Student director Abigail Davis, a senior from Springfield, believes the play is important for people to see.
“I want the community as a whole to be able to learn from the events and to be able to take something away from the show,” she said. “It could be about acceptance and the toleration of those that are different or about learning how we as a people have the power to write our own history and make a difference.”
Alishia Allander-Zivic, a visiting professor on MC’s theatre faculty, will serve as the scene designer.
The campus community is also involved in events related to the production. Lauryn Pearson, a senior from Galesburg, learned about the Shepard case in her Communication and Criticism class, and the story moved her to do something for the show. She plans to create a series of life-sized Action Angels, representing the Action Angels who dressed as angels and stood between the protestors at the courthouse and the people attending the trials of Shepard’s killers.
The producers of Fusion, a campus television program, will create two short documentaries about the show. The first documentary will be a pre-show piece that will focus on why the cast chose to get involved with the production and the process of putting the show together. The second documentary will focus on showing the production’s interdisciplinary aspects. The producers hope to demonstrate the benefits of a liberal arts education and its unique ability to combine academic disciplines to produce a more far-reaching project.

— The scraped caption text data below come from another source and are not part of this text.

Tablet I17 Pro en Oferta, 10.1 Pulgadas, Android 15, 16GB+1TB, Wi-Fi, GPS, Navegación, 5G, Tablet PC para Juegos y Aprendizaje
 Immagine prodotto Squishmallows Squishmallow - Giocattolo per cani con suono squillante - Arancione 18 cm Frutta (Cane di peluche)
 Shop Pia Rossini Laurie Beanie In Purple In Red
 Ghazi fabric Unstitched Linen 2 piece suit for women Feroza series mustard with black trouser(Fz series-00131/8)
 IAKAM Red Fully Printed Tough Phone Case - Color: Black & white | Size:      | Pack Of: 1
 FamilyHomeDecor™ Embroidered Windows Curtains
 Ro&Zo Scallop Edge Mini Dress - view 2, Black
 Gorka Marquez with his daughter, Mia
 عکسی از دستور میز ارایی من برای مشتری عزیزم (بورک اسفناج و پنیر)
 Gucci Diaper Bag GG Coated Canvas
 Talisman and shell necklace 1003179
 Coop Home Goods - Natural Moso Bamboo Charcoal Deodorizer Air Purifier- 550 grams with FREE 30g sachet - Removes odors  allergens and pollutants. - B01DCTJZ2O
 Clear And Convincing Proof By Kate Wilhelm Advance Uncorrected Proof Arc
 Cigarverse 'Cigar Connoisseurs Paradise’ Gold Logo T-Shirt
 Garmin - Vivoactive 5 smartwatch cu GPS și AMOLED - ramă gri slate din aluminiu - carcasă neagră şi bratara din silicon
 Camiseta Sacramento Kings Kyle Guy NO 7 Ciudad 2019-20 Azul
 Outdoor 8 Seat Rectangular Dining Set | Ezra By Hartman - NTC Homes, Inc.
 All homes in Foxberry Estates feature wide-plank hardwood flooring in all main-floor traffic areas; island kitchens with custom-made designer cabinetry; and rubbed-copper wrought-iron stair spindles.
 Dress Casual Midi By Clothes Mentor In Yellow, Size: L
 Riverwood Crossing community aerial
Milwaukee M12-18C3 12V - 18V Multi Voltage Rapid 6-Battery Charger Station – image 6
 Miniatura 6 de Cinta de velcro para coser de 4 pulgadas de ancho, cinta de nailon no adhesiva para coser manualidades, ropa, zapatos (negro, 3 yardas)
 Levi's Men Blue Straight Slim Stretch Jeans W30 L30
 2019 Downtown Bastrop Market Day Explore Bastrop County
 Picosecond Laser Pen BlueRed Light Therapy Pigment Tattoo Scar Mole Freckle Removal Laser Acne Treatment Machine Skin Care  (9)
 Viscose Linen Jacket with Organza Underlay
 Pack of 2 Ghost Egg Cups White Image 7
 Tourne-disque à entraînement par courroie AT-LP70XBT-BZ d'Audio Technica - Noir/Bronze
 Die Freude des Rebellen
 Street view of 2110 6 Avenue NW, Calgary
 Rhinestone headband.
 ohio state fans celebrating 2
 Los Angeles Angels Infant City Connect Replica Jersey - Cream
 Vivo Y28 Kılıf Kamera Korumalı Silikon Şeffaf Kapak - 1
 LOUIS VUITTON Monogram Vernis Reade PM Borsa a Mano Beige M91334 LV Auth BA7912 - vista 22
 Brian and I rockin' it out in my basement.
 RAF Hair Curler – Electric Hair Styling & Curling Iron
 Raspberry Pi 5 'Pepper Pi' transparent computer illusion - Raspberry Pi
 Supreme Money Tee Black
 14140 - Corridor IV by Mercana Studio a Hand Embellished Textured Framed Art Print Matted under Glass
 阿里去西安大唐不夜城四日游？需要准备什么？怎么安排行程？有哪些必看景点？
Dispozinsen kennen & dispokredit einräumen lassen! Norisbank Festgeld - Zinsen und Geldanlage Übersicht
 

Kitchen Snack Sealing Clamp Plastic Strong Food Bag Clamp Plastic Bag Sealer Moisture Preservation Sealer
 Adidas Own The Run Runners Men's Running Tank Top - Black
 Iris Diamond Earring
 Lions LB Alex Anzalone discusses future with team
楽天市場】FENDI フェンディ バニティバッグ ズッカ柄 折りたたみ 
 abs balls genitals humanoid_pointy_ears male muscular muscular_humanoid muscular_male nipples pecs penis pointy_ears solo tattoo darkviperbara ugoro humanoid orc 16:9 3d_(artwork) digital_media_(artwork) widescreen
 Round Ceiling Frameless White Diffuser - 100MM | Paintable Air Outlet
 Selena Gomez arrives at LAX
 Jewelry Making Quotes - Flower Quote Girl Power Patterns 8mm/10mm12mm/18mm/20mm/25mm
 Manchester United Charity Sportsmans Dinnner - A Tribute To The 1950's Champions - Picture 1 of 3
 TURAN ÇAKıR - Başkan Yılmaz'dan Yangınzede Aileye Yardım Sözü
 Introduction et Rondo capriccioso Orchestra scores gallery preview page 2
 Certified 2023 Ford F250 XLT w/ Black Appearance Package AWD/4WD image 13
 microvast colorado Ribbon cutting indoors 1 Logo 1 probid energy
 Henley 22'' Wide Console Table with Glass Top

Three events will round out the week and provide the audience with the opportunity to discuss the issues within the production. The audience is invited to join the cast and crew on opening night for a post-show Q&A. Prior to the March 2 performance, a director’s roundtable will be held at 6 p.m. in The Underground, which is located on the lower level of Grier Hall. The director will discuss the choice, direction, issues and relevance of the production. Following the March 4 matinee, the audience is invited join a talkback session with faculty from MC’s departments of history, philosophy and religious studies, education and political science.